[Saved entries]
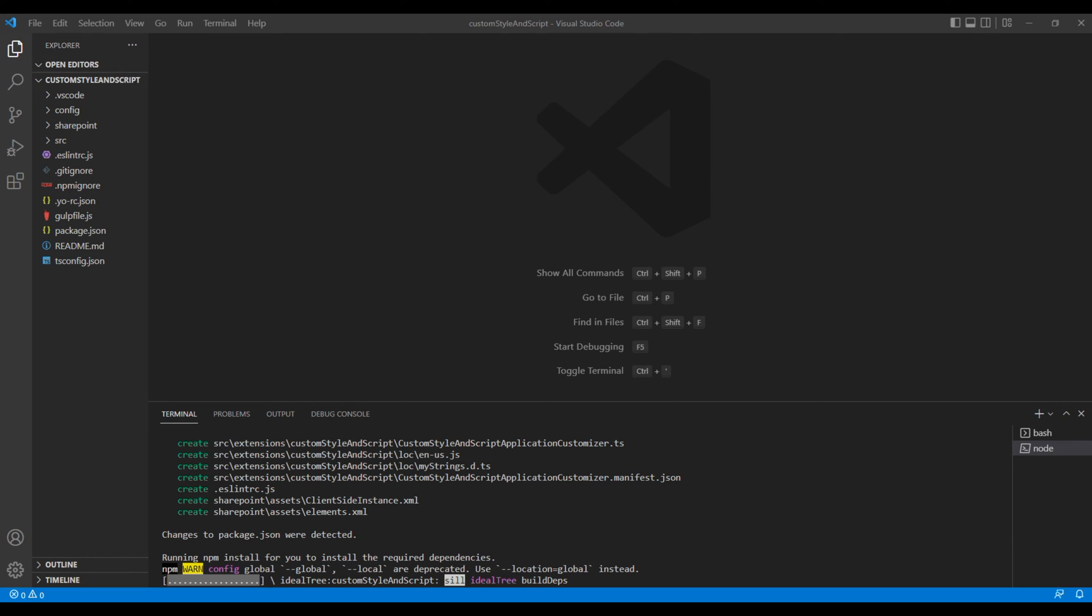Now, this will take some time depending on your machine. So let's wait for the time being.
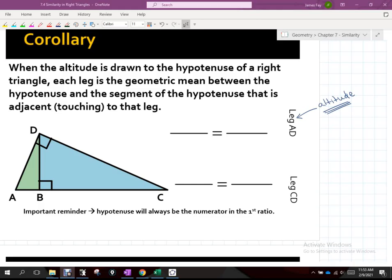Yesterday we talked about the altitude that was coming down the center of this triangle from this right angle, D being the geometric mean. Today we're going to talk about the legs of the right triangle being the geometric mean. But those legs — leg AD is still an altitude because the overall triangle is a right triangle, and the legs of a right triangle are, by definition, altitudes.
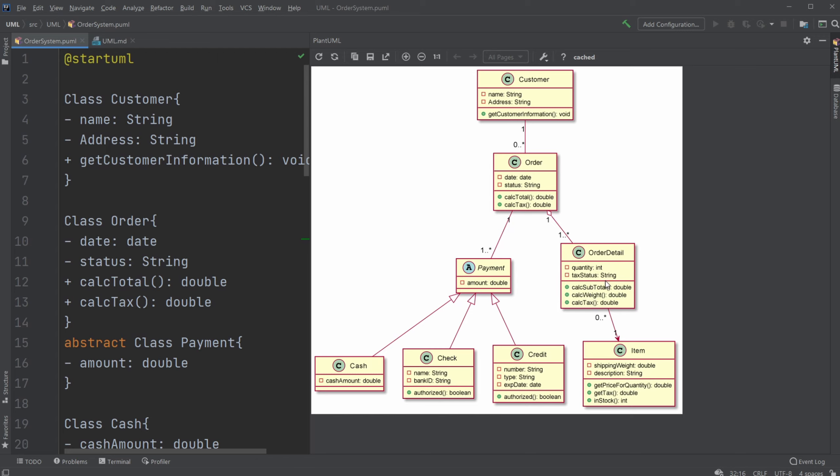And given our order details, when it comes to the item, we can have no order details, then we don't have anything, or we can have many, but for each order detail we would have one item.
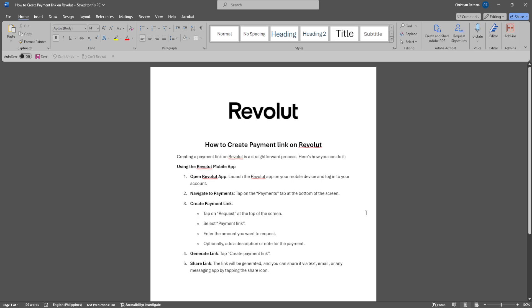To do this, open your Revolut app on your mobile device and log into your account.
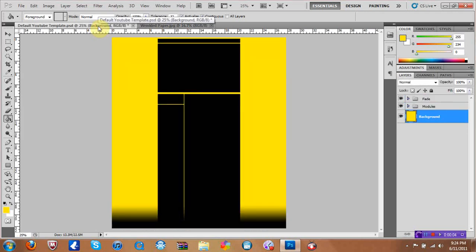What's up guys, it's Mike. Today I'm going to show you how to do a paper background with the little comic-looking things. For the sake of time, I already made my template.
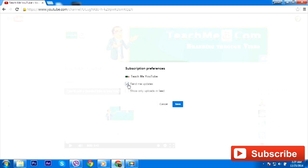Now the second thing is to show only uploads in the feed. This one right here eliminates all the clutter, and one of the strategies for best practices on YouTube is to always add videos to playlists.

Action item → Reproduce, word for word, only the lines in the records above from the line with "Yesterday we talked" through the line with "And given our", including both ends; omit the pictures.

Output for this exercise →
Yesterday we talked about the altitude that was coming down the center of this triangle from this right angle, D being the geometric mean. Today we're going to talk about the legs of the right triangle being the geometric mean. But those legs — leg AD is still an altitude because the overall triangle is a right triangle, and the legs of a right triangle are, by definition, altitudes.
And given our order details, when it comes to the item, we can have no order details, then we don't have anything, or we can have many, but for each order detail we would have one item.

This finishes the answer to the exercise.